> **Exercise**:
The entries that follow must be written out exactly, without any of the pictures they contain.

####################

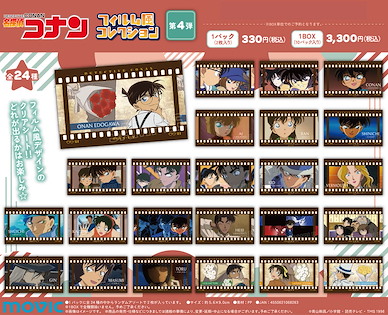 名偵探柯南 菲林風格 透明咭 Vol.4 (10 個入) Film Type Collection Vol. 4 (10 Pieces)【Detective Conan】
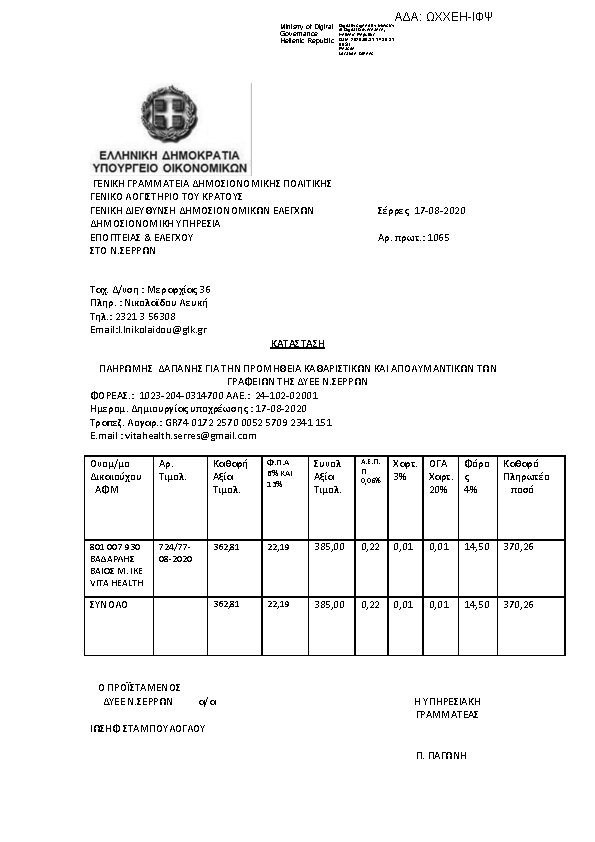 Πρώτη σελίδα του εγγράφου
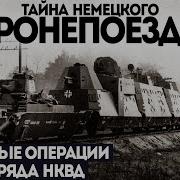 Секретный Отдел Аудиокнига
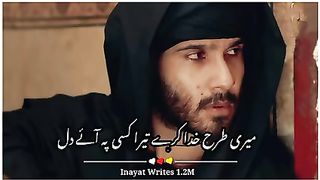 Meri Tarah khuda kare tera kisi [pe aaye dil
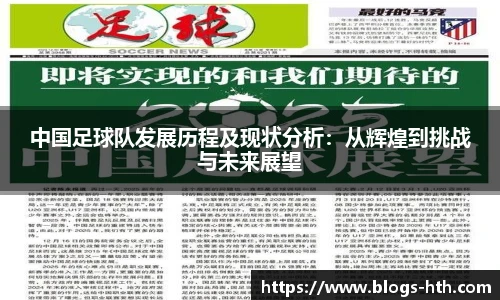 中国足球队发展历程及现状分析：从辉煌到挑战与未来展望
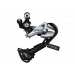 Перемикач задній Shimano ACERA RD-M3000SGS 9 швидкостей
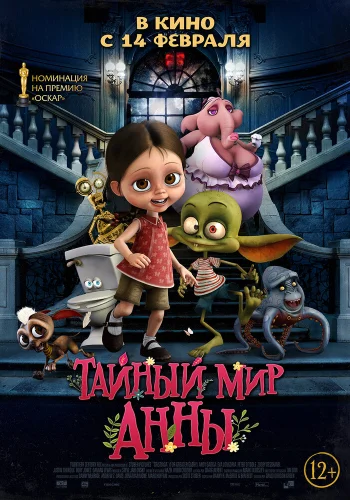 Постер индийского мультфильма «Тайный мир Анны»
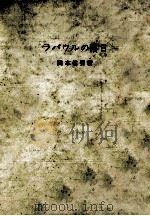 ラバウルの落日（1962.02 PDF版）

####################

> **Solution**:
 名偵探柯南 菲林風格 透明咭 Vol.4 (10 個入) Film Type Collection Vol. 4 (10 Pieces)【Detective Conan】
 Πρώτη σελίδα του εγγράφου
 Секретный Отдел Аудиокнига
 Meri Tarah khuda kare tera kisi [pe aaye dil
 中国足球队发展历程及现状分析：从辉煌到挑战与未来展望
 Перемикач задній Shimano ACERA RD-M3000SGS 9 швидкостей
 Постер индийского мультфильма «Тайный мир Анны»
 ラバウルの落日（1962.02 PDF版）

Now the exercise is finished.